Create it yourself by doing 'ln -s net.lo net.ath0'. Network start scripts are not created by default in Gentoo.

----------

## Sethiel

Wow, I didn't know it's working that way. I created the device net.ath0 and now when I turn my wifi off and on, it's working without doing anything special (suppose it's udev doing the stuff). Thanks a lot for solving my problem and pushing me a bit closer to the Truth.   :Smile: 

----------

## eduardhc

 *Sethiel wrote:*   

> Wow, I didn't know it's working that way. I created the device net.ath0 and now when I turn my wifi off and on, it's working without doing anything special (suppose it's udev doing the stuff). Thanks a lot for solving my problem and pushing me a bit closer to the Truth.  

 

Gentoo doesn't create by itself the different net.* scripts, it only provides the basic one (net.lo), and maybe some of the most current ones (net.eth0, iirc...). This is another aspect in which it's different from the rest of distros...

kind regards, 

  Eduard

----------

## Sethiel

OK, early celebrations  :Sad: 

I'm now quite sure how I got to this situation (I made a lot of changes in my system), but now it reports "SIGSEGV" - Unauthorized memory access whenever wpa_supplicant tries to start with "madwifi" driver.
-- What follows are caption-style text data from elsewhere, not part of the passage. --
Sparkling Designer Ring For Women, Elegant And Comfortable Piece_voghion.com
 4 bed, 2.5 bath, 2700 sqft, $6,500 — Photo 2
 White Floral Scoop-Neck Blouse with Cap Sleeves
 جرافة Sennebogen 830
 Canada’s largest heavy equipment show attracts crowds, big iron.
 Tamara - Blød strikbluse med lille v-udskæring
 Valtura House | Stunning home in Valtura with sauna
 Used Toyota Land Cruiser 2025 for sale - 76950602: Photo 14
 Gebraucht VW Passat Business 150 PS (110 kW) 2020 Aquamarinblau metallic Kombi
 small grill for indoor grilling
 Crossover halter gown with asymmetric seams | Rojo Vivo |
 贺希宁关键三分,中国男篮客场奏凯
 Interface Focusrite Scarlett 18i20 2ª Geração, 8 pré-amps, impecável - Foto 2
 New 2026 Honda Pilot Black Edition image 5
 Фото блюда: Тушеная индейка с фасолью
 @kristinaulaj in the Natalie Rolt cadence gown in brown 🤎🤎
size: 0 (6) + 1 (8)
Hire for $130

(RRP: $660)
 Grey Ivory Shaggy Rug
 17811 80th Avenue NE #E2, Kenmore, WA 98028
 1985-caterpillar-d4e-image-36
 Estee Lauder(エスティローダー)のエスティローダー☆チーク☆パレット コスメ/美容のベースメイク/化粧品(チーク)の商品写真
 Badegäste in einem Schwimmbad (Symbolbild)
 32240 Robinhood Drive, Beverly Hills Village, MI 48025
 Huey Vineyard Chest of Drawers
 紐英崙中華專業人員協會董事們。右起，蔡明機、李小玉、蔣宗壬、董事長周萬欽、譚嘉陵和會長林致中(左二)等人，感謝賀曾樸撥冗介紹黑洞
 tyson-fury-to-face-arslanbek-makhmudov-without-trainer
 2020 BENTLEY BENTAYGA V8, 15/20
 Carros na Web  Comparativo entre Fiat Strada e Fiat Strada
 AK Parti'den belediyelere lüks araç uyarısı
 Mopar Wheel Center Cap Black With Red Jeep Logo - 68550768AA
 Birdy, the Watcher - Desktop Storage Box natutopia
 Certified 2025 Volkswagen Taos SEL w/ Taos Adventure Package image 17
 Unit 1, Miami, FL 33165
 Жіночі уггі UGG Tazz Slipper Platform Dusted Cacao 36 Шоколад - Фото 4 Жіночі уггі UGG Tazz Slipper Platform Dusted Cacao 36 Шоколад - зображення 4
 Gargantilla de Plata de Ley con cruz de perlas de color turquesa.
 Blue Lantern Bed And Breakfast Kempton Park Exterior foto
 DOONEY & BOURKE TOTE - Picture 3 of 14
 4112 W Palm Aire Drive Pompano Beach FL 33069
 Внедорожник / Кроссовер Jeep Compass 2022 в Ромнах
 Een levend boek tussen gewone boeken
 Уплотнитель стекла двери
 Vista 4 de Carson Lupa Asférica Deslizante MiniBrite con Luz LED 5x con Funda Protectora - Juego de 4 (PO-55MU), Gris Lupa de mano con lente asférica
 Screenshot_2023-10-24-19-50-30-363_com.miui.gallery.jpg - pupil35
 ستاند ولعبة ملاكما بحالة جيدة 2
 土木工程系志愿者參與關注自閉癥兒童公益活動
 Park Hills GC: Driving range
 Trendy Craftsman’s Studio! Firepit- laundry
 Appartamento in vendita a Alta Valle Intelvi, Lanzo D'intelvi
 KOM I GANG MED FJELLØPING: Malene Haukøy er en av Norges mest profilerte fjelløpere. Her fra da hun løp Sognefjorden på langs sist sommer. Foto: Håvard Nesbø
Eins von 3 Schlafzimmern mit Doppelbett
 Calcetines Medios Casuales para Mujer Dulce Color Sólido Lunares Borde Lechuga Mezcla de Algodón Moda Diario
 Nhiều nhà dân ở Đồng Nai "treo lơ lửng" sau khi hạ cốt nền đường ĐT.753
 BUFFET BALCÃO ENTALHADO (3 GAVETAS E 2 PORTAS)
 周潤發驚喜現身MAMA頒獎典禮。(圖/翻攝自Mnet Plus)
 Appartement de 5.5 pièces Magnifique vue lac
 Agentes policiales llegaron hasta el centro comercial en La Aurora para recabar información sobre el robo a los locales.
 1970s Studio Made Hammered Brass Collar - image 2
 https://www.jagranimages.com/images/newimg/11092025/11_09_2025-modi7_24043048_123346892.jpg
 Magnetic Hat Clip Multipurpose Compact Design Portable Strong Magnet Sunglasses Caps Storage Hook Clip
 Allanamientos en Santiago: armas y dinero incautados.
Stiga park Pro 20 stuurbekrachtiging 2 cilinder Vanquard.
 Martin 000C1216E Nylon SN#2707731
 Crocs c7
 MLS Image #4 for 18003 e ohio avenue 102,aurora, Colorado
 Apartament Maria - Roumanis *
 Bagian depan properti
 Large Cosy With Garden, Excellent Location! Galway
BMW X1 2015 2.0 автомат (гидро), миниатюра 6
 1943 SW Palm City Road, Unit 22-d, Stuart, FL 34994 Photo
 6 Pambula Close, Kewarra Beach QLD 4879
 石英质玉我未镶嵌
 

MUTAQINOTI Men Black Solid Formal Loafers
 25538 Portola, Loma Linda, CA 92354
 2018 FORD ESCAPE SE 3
I think the solution is directly writen in wpa_supplicant man page:

"Please  note that you will need to modify the wpa_supplicant .config file to use the correct path for the madwifi driver root directory (CFLAGS += -I../madwifi/wpa line in example defconfig)."

But I don't know how to alternate that option when using emerge to build packages (instead ./configure && make && make install). How do I do the stuff?

----------